Lucy played the piano at church yesterday.

Which was all fine and dandy.

I mean, it might scare the pants off me or anyone else in our family to play in front of that many people, but Lucy is confident and secure in the piano.

That’s definitely not to say that security doesn’t come with a whole slew of work.

The two of us sit on that piano bench and I honestly work up a sweat trying to help her figure out those notes all enlarged with love from her teacher.

In her mind “up” means “down” on the piano keys, and I still have to think “Every Good Boy Does Fine” or “All Cows Eat Grass” to figure out the notes, and sometimes we are a big mess.

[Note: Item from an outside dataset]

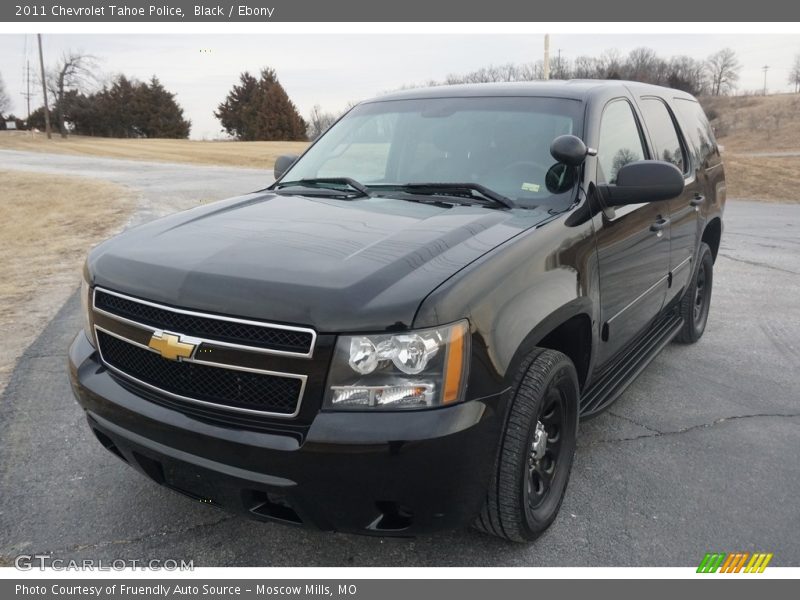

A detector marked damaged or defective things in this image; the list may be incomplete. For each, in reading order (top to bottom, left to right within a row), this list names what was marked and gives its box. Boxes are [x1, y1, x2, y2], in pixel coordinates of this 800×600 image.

But once that girl learns something, she knows it.

So I wasn’t worried she would forget the notes or get too nervous.

I was, however, wondering how in the world this was all going to work out since she woke up with a little black storm-cloud hovering above her head.

Oh boy she was grumpy.

She wouldn’t let me walk her up to the piano (did she know where the stairs were? Would she bump into that music stand next to the piano? (she did, but then she was able to gracefully move around it). Would she plunk out the notes rather than using that beautiful touch she has?

But she went up there and played with her soul.

And I sat there teary-eyed at that girl of mine.

The one who makes me crazy sometimes (and who I make crazy right back), and the one who I adore (and I think it’s safe to say she also adores me right back too:)

Because I was thinking not only of the beauty she was creating, and how long it took her to learn it, and how her mind works to memorize things so well, and the beauty for ashes in that whole process.

But I was also thinking of the words to the song she was playing: “You Will Be Found” from Dear Evan Hansen:

Have you ever felt like nobody was there?
Have you ever felt forgotten in the middle of nowhere?
Have you ever felt like you could disappear?
Like you could fall, and no one would hear?
Well, let that lonely feeling wash away
Maybe there’s a reason to believe you’ll be okay
‘Cause when you don’t feel strong enough to stand
You can reach, reach out your hand
And oh, someone will coming running
And I know, they’ll take you home
Even when the dark comes crashing through
When you need a friend to carry you
And when you’re broken on the ground
You will be found
So let the sun come streaming in
‘Cause you’ll reach up and you’ll rise again
Lift your head and look around
You will be found
You will be found
You will be found
You will be found
You will be found

And right as she was playing with such feeling, I could almost feel her “reaching out her hand” and “needing a friend to carry her”

And also right as she was playing her siblings were making her feel “found,” texting her all kinds of love as they were able to listen through the link our church sends out.

Found through their encouragement.

Found through the love of church members who made her feel seen and told her how much they felt what she played.

Found through the love she let in from her parents after she was done being grumpy.

(And after she got to mess up her hair a little because we found out that was apparently the thing causing the grumpy-problem.)

I also hope she felt Found through the love she holds in her heart that is streaming down from Heaven to her.

I just love this girl of mine with all my heart. She teaches me every day.

I love that she chooses the songs she wants to learn so carefully (another one she’s learning right now is “For Good” from “Wicked” and don’t even get me started on reading the lyrics to that one as I sit and help her on that piano bench).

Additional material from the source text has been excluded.